Sunday, November 01, 2020

Ideology vs. Friedman: National Parks

3 years ago I went backpacking Yosemite and 2 years ago I went backpacking in Zion. Even though I probably won’t be back to either park for another few years, I still care deeply about their upkeep & preservation. I don’t solely derive utility from my economic interest & consumption, I also derive utility from the implementation of my ideology. Despite the tax costs of national parks (which hurt me economically), I still prefer that my ideology toward park preservation is upheld.

Friedman discusses National Parks on the basis of excludability. He asserts that national parks could be effectively provided through market channels instead of political channels. Parks could be provided by markets, but they would likely be vastly underproduced. Why? Friedman’s analysis of national parks does not factor in that people value parks beyond their ability to “consume” them. There are 421 national parks in America. I will never go to each park, but I still care that they are preserved. That is: people are willing to (and frequently want to) vote against their economic interest in favor of their ideology towards preservation. Thus, the number of visitors does not represent the total demand for national parks. Market channels would only account for the demand of people visiting.

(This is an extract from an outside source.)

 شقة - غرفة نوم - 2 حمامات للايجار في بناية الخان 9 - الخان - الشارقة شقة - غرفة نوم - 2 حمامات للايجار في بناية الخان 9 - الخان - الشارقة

In market channels, the only people who would substantially pay for parks would be the people who are able to visit them or who feel compelled to donate. I predict that few people would donate as most would be inclined to free-ride. Additionally, people would likely feel that their individual donations don’t make a substantial difference in park preservation. Thus, the parks would receive very little money from those who are unable to visit. The National Park Service (NPS) annual budget is about $3 billion, but a 2016 study estimates that Americans value the parks at $92 billion per year! (Note that, even though citizens value parks beyond what we pay for them, we don’t make enough voluntary donations to bring us to the $92 billion). Through market channels, we (the citizens of the U.S.A.) would find ourselves in a large scale Prisoner’s Dilemma where everyone’s Dominant Strategy would be to not contribute to the parks they don’t visit (due to free-riding and/or feeling that small, individual donations don’t make a substantial impact). A pareto-efficient move would occur if everyone is forced to contribute through taxation.

Although I haven’t been to Yosemite, Zion, and most of the other 400+ parks in many years, I am still happy to pay for their upkeep (though I probably would free-ride if I wasn’t forced to pay through taxes). Friedman’s assertion does not recognize the impact that ideology has on National Park demand.